Saler, now a 58-year-old mountain guide in Pucón, Chile, and von Kienlin, a 71-year-old baron based in Munich, both speculate that Messner's historic traverse was no emergency bid to save his brother, and that Günther never accompanied Reinhold down the Diamir Glacier. Instead, they posit that Reinhold parted ways with his brother near the summit and set off down the Diamir Face solo, while Günther headed toward the ascent route. Günther might have died in a high bivouac, or in a fall, they conjecture.

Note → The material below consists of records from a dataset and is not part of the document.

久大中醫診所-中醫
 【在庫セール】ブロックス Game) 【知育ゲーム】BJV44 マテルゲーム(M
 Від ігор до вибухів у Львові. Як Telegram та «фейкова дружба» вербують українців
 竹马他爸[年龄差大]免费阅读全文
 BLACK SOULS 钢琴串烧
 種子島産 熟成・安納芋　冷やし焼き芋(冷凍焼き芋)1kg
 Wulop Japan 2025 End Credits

Perhaps he wasn't even suffering from altitude sickness, and chose to climb back down the Rupal Face—alone.

"Behind Reinhold's story is a big lie," Saler told me in 2003. The team members had spoken up, von Kienlin added, "to defend the honor of comrades who can no longer defend themselves," since at least six of the original 18 were dead.

Over time, the controversy has become the most extraordinary fight in modern-day climbing history—a blood feud that has spawned more than a dozen lawsuits, countless attacks and counterattacks, a revenge theory (stemming from a post-expedition love affair between Messner and von Kienlin's wife), and numerous efforts by Messner to find Günther and vindicate himself.

"It may take ten years, it may take 30 years, but I must find Günther's body," Messner told me in 2003, by which time he'd already made several trips to Nanga Parbat to scour the terrain. "There is no other chance for me to save my reputation."